It really seems quite insane some days. Millions of Americans are jolted out of a sound sleep by the alarm clock and spend a weary hour getting dressed and amping themselves up with caffeine. That stressful start to their day is then compounded by joining a rush of people competing for the same patch of asphalt on roads that end at dead jobs they hate at companies that don’t care about them.
For many unfortunate souls that’s only the beginning. After putting their best and most productive years of their life into jobs they don’t like, they face the same stressful commute in a car they don’t really own, going to a home they don’t really own only to start their second, unpaid job as lawn and home maintenance specialists. If they’re lucky they’ll get a couple hours of precious free time.
For too many people their life is the precious bit of free time they have between when they get home and the tyranny of the alarm clock signalling another start to the whole cycle. Their bodies, short on sleep, try to recoup as much of that sleep deficit as they can on weekends, the other precious slice of time where they’re free to actually live life. This is the lot for those trying to have all of the American dream and it’s, literally, killing us.
According to science the chronic stress of our lifestyle is shortening our lives and the earlier that stress occurs and longer it persists the shorter our lives. High stress has been associated with higher blood pressure, higher levels of cholesterol and lower levels of overall happiness.
Too many people are trying to have it all by borrowing to fund it all. Consumer debt currently stands at a staggering $11.4 trillion dollars, an astounding number nearly on par with the scale of the American economy. We borrow for homes, we borrow for cars and then have credit cards for everything else we can’t pay for. It’s that debt that fuels the nearly desperate need for that crummy job. As a nation we’ve gotten away from the concept of saving and paying for the things we want. Debt prompts people to work longer in life and robs them of the ability to ease into a longer retirement.
To help cope with the stress that stems from debt, Americans are turning to better living through chemistry. The use of antidepressant medications has skyrocketed in the last decade with nearly 1 in 10 Americans on some kind of antidepressant, among women in their 40s and 50s that figure is 1 in 4. Those drugs have side effects that are not always well understood and can vary from person to person.
People who are rushed rarely make the time to eat well and for many Americans that means meals that are quick and frequently rely heavily on meat and fat. The science is overwhelming and nearly 20 percent of deaths in America can be attributed to a combination of poor diet and physical inactivity. As a volunteer firefighter and EMS I was frequently shocked at how many times we were answering 911 heart attack calls for people in their 30s and 40s.
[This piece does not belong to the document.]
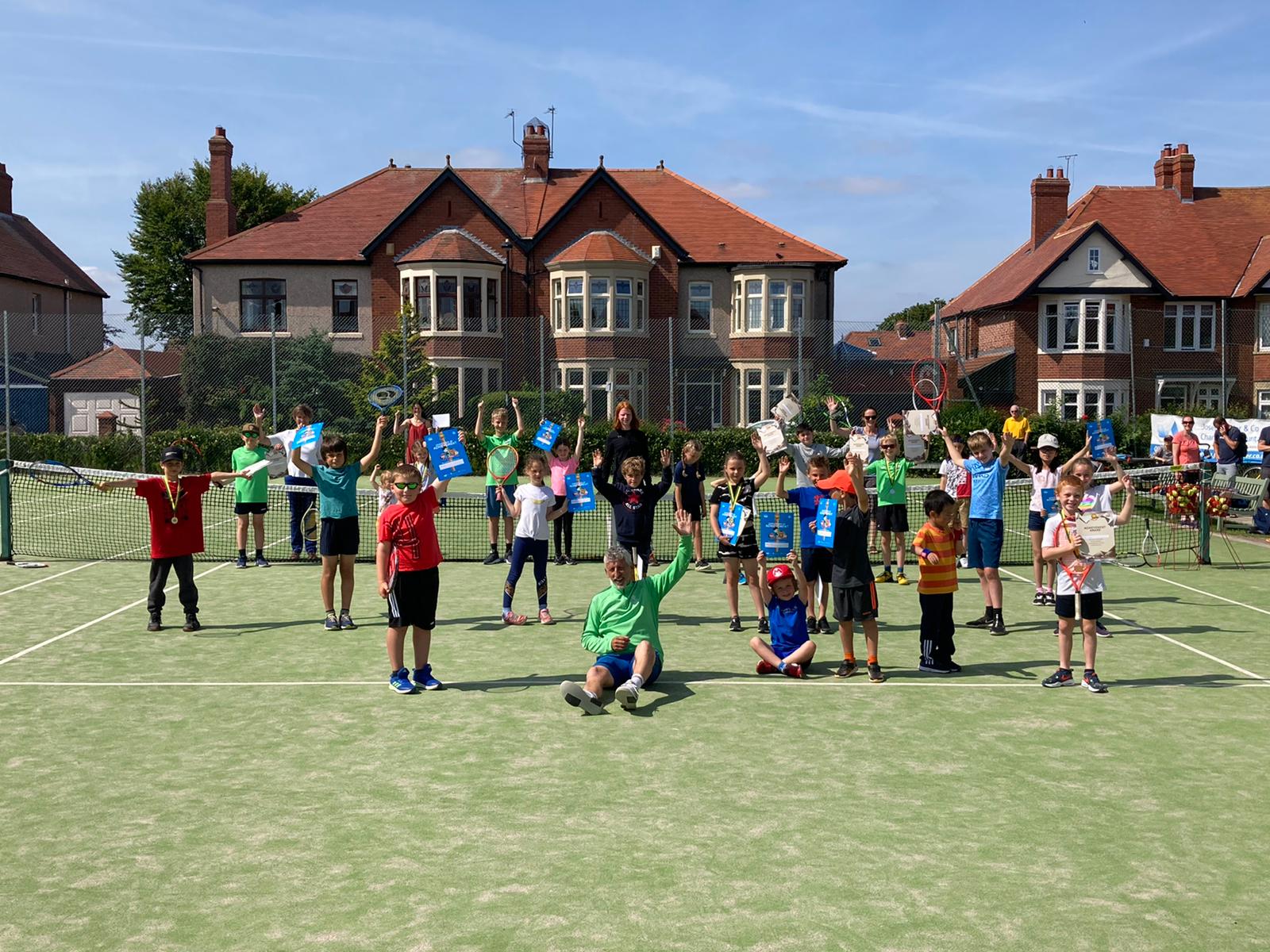 Children celebrating at a holiday tennis camp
The evidence is clear and convincing and yet we continue on the hamster wheel of work, stress and debt in a vain effort to live in houses that are bigger than we really need, to drive cars we can’t afford and use credit cards to buy a lifetime worth of junk that fills up closets and gets packed away in attic boxes that never see the light of day until the neighborhood garage sale. Maybe it’s time we start rethinking the American dream and downsize our lives for a happier, healthier and lower stress life free from big pharma.